Seminar: Whose? Reading the Anthropocene and the Technosphere from Africa

April 23rd, 2016

Pluralization is a step towards a democracy of operative language allowing different markers of time, thought, tools, realities, scales, causalities, effects, and categories to coexist and participate in shaping global vocabularies.

Does the concept of “the”/“an” Anthropocene promote or inhibit the possibilities of a polycentric global epistemology? Pluralizing (technospheres, anthropocenes—even anthropo-scenes) is a step towards a democracy not only of language.

Does “the”/“an” Anthropocene de-center or re-center the Western ratio, and what are the implications? At what point in time should the Anthropocene be demarcated? Why there and according to whom? The Anthropocene … in whose language? Is it possible to have more than one Anthropocene, along the lines of “modernity in two languages” (“yours” and “ours”), as Partha Chatterjee suggested in 1997? The anxiety is that “the Anthropocene” and even “the technosphere” may become, wittingly or unwittingly, a convenient vocabulary to restore Euro- and Western-centricity, taking us back to an imperial or colonial mode of representation, of seeing from Berlin, London, and Washington, and extending the hegemonic worldview without regard to situatedness.

Pluralization is a step towards a democracy of operative language allowing different markers of time, thought, tools, realities, scales, causalities, effects, and categories to coexist and participate in shaping global vocabularies.

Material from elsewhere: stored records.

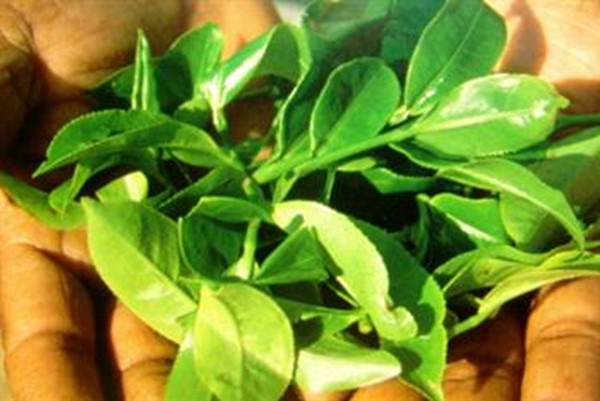 گیاه چای و انواع آن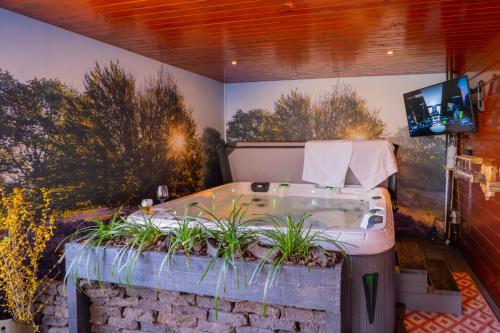 Drents Genieten - Dopheide met privé jacuzzi en sauna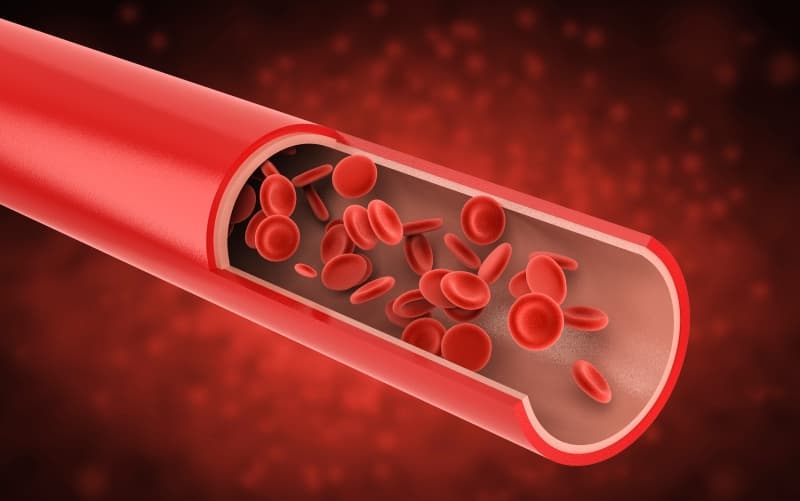 Антитромбоцитарная и антикоагулянтная терапия в руководстве ACC/AHA по лечению острых коронарных синдромов 2025 года: основные рекомендации (JACC, июнь 2025)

This seminar will therefore consider what a (not “the”) technosphere, an atmosphere, and a biosphere might mean from the continent of Africa, not just as outcomes of incoming ideas or artifacts in the present, but as endogenous modes of thought and practice over a much longer durée. The seminar brings together some of the world’s most renowned scholars of Africa, each addressing the concept of the Anthropocene (and the technosphere) from her/his own specialism: archaeology, history, STS, and graphic design. Guest lecturers are Shadreck Chirikure, University of Cape Town; Gabrielle Hecht, University of Michigan; Chaz Maviyane-Davies, Massachusetts School of Art and Design; and D. A. Masolo, University of Louisville (Philosopher).